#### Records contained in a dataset

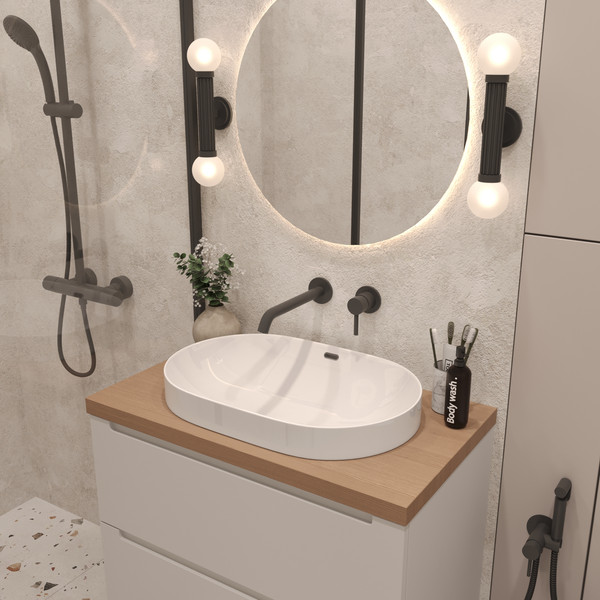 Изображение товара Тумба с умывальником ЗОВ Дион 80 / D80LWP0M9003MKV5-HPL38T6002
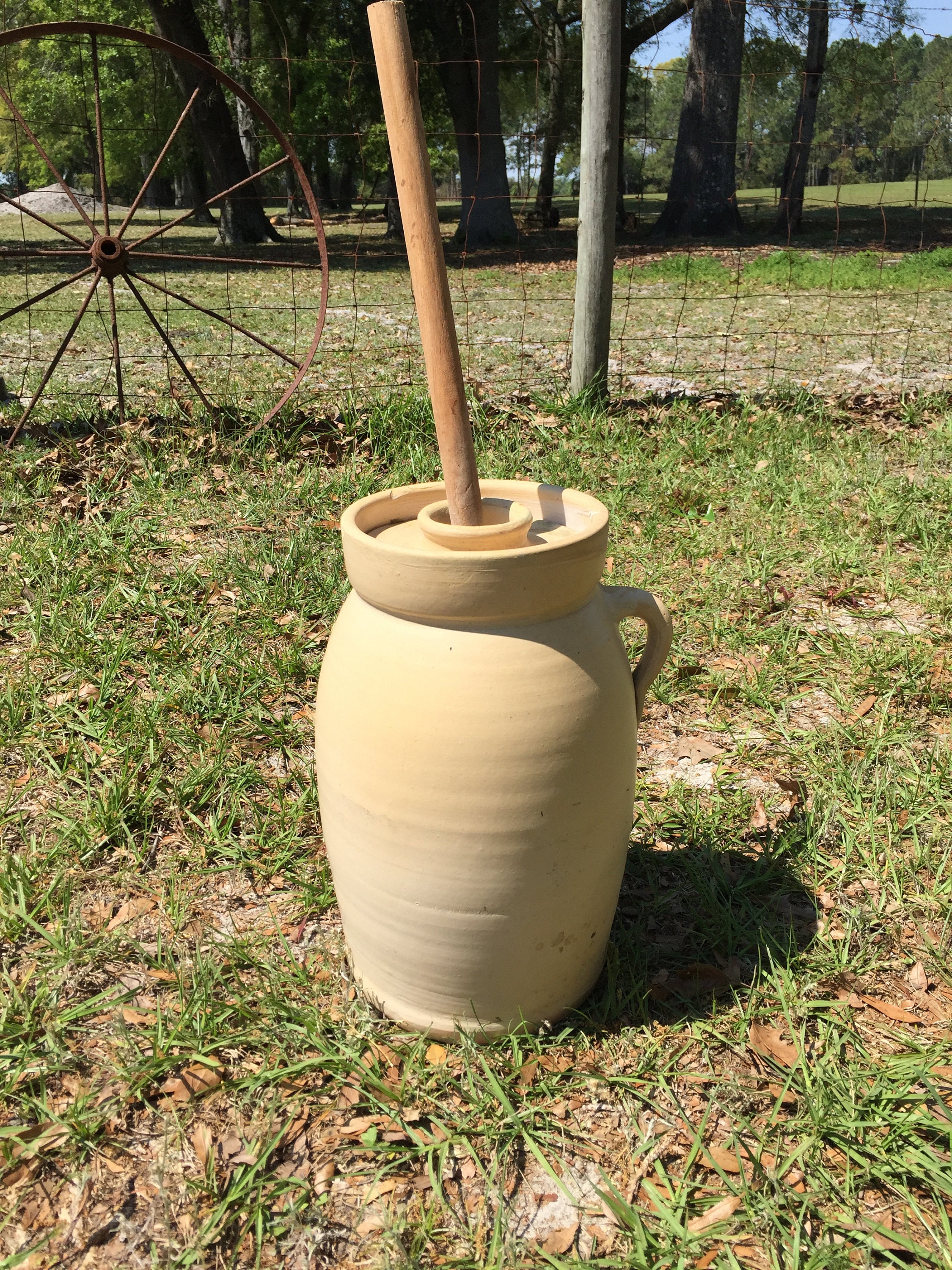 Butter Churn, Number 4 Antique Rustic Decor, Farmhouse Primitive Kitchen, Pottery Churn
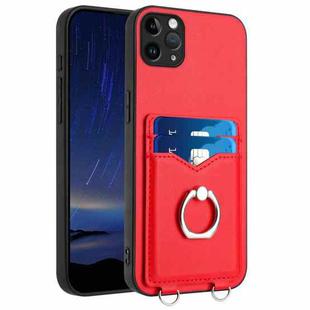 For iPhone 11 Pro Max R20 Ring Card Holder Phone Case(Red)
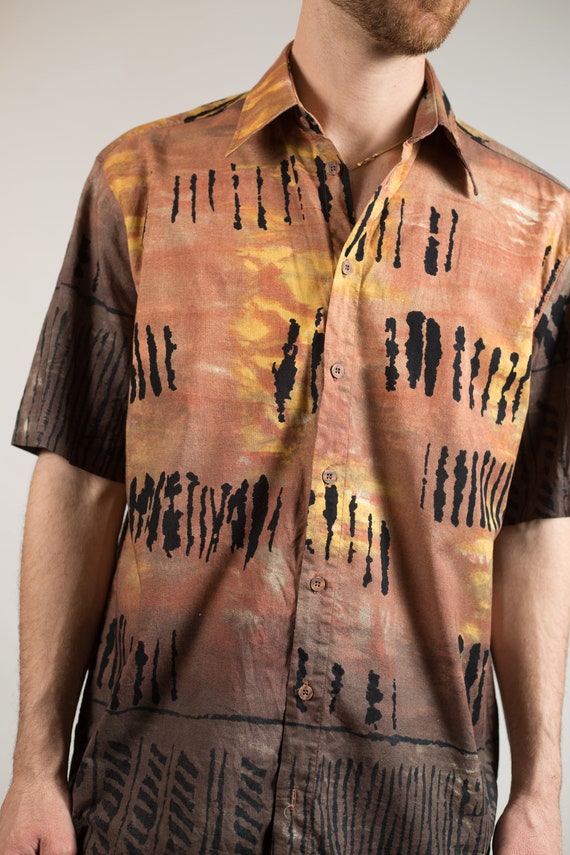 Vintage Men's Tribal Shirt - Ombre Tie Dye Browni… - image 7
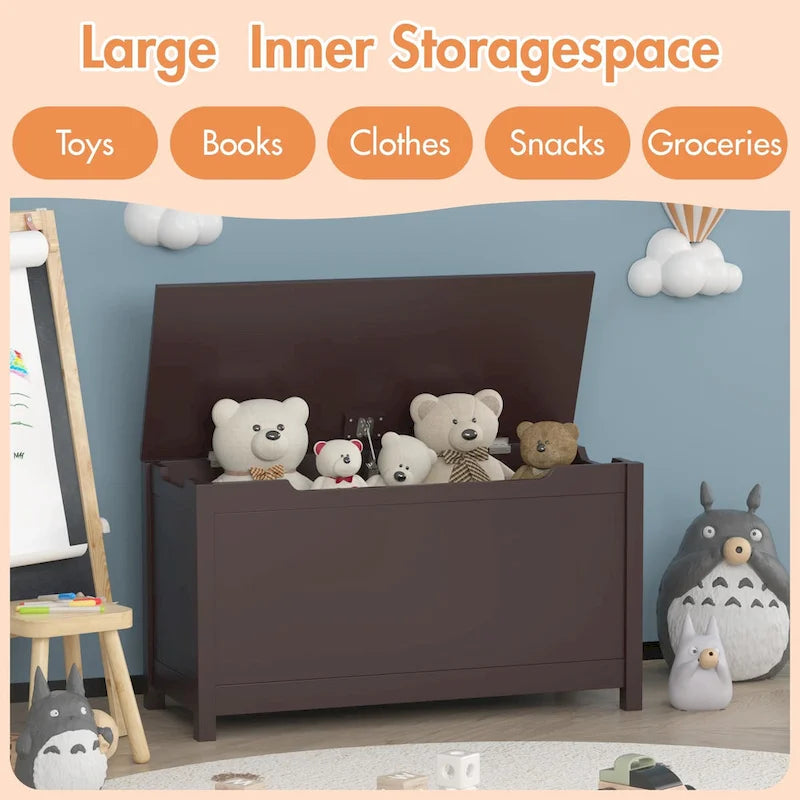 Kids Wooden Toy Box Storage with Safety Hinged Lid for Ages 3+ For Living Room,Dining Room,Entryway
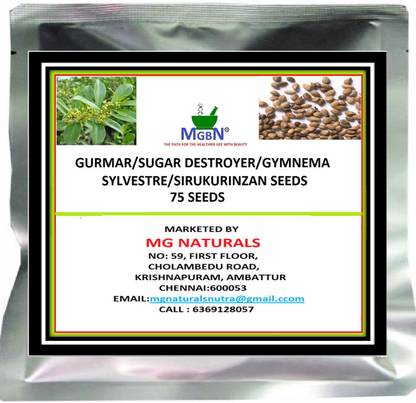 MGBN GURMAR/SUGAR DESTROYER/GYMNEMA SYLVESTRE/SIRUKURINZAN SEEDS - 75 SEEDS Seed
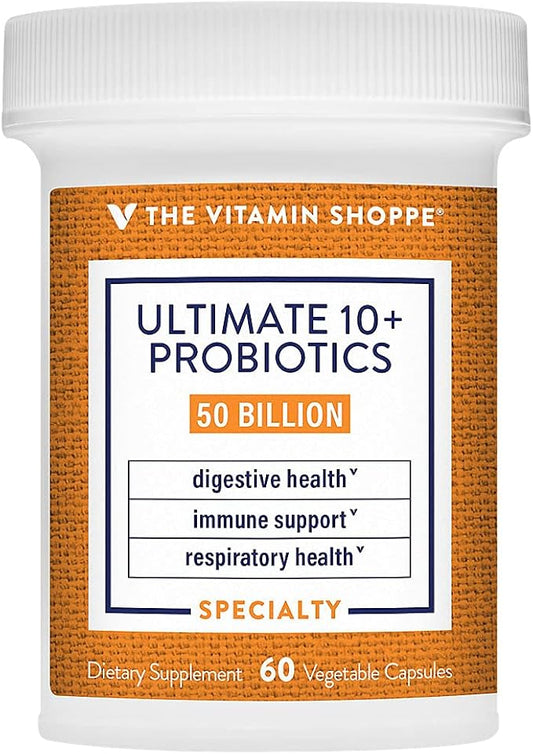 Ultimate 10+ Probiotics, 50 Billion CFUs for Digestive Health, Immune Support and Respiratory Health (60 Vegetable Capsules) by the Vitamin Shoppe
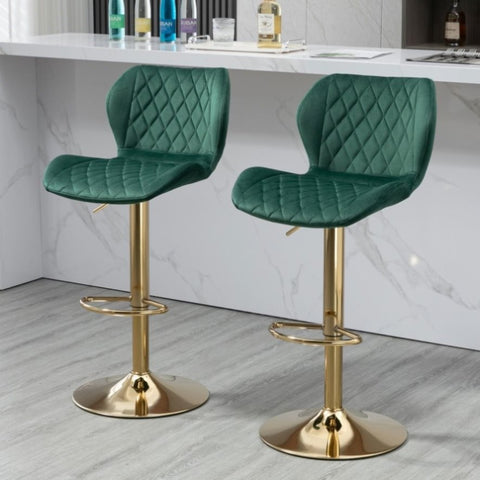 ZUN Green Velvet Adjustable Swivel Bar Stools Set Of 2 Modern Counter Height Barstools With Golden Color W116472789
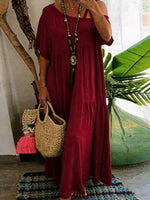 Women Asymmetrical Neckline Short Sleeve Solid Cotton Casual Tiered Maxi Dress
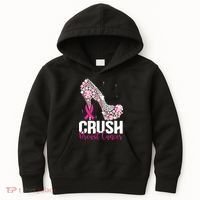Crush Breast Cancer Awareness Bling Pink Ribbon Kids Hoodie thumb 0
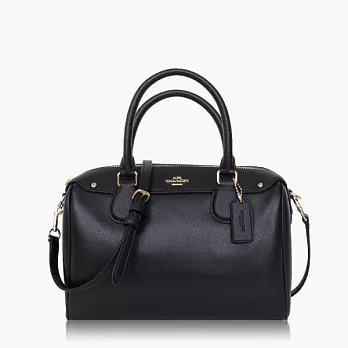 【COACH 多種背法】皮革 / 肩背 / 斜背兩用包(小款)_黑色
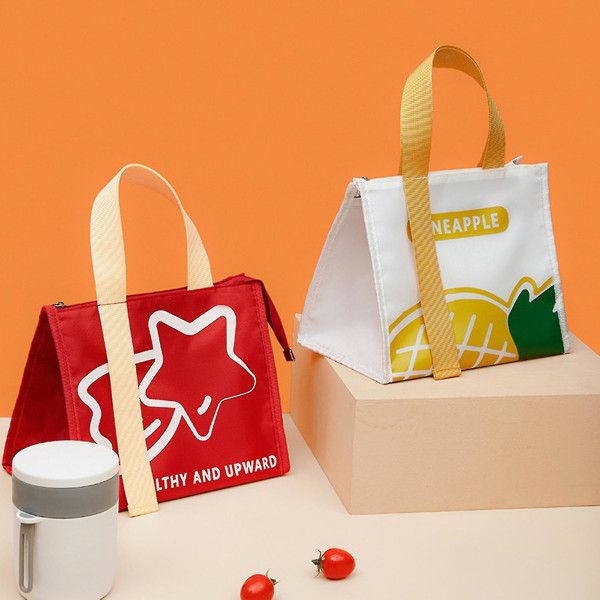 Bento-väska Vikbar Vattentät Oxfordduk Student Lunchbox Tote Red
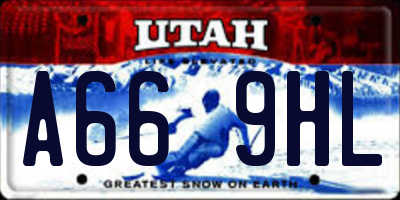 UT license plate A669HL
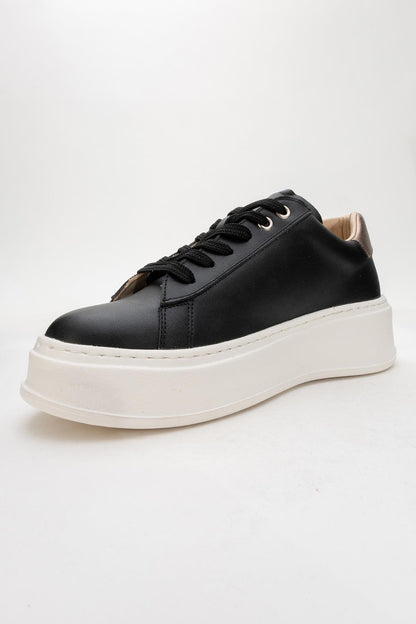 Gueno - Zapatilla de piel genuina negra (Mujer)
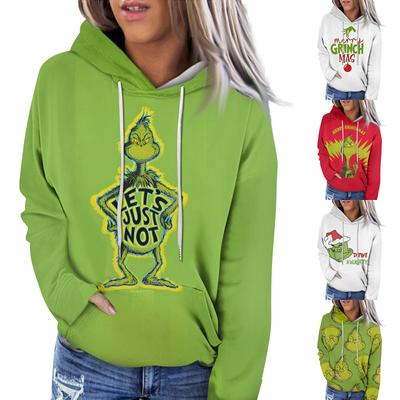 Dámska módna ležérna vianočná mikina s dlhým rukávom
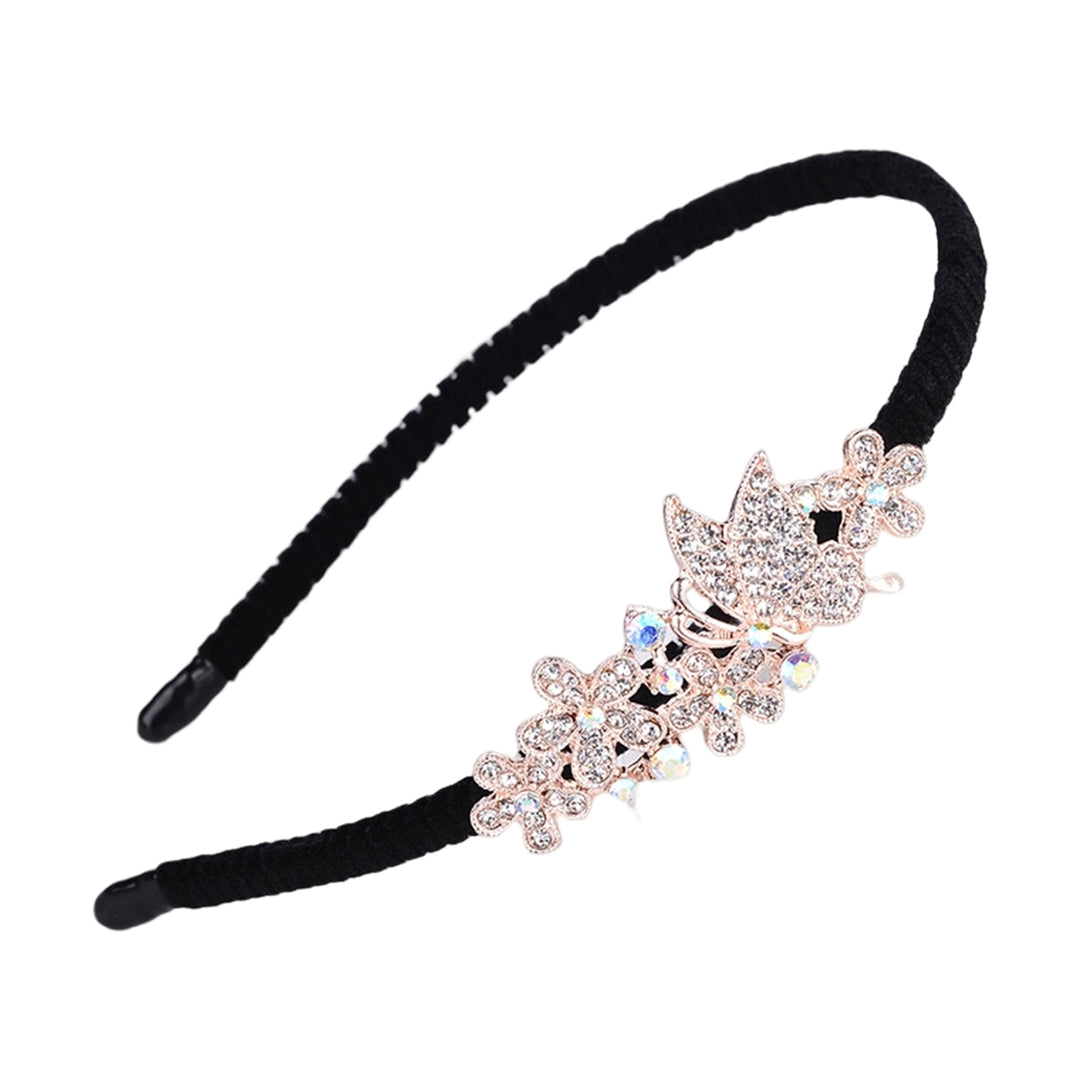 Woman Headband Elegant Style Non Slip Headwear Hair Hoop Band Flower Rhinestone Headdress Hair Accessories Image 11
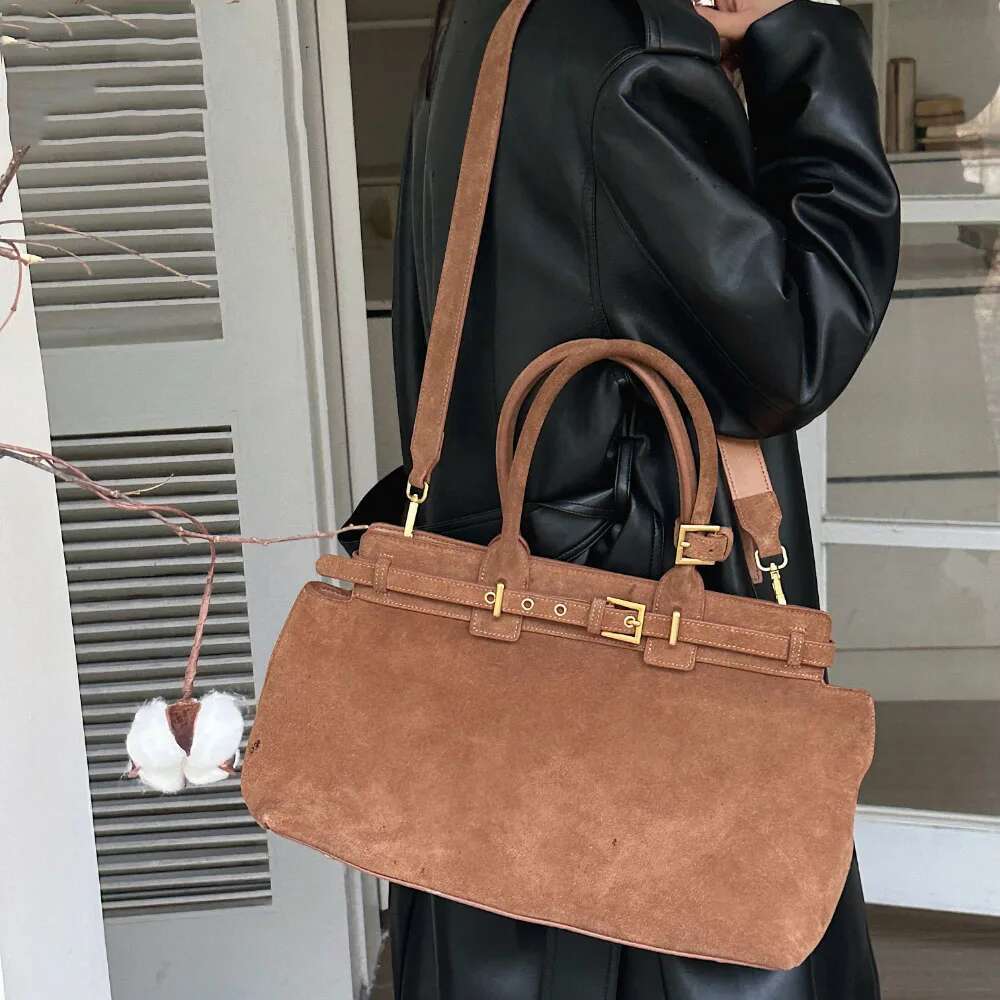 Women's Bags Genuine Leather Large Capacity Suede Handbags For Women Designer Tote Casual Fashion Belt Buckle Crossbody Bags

#### Task goal
What is needed is a word-for-word copy of the data above, free of any images.

#### Solved problem
 Изображение товара Тумба с умывальником ЗОВ Дион 80 / D80LWP0M9003MKV5-HPL38T6002
 Butter Churn, Number 4 Antique Rustic Decor, Farmhouse Primitive Kitchen, Pottery Churn
 For iPhone 11 Pro Max R20 Ring Card Holder Phone Case(Red)
 Vintage Men's Tribal Shirt - Ombre Tie Dye Browni… - image 7
 Kids Wooden Toy Box Storage with Safety Hinged Lid for Ages 3+ For Living Room,Dining Room,Entryway
 MGBN GURMAR/SUGAR DESTROYER/GYMNEMA SYLVESTRE/SIRUKURINZAN SEEDS - 75 SEEDS Seed
 Ultimate 10+ Probiotics, 50 Billion CFUs for Digestive Health, Immune Support and Respiratory Health (60 Vegetable Capsules) by the Vitamin Shoppe
 ZUN Green Velvet Adjustable Swivel Bar Stools Set Of 2 Modern Counter Height Barstools With Golden Color W116472789
 Women Asymmetrical Neckline Short Sleeve Solid Cotton Casual Tiered Maxi Dress
Crush Breast Cancer Awareness Bling Pink Ribbon Kids Hoodie thumb 0
 【COACH 多種背法】皮革 / 肩背 / 斜背兩用包(小款)_黑色
 Bento-väska Vikbar Vattentät Oxfordduk Student Lunchbox Tote Red
 UT license plate A669HL
 Gueno - Zapatilla de piel genuina negra (Mujer)
 Dámska módna ležérna vianočná mikina s dlhým rukávom
 Woman Headband Elegant Style Non Slip Headwear Hair Hoop Band Flower Rhinestone Headdress Hair Accessories Image 11
 Women's Bags Genuine Leather Large Capacity Suede Handbags For Women Designer Tote Casual Fashion Belt Buckle Crossbody Bags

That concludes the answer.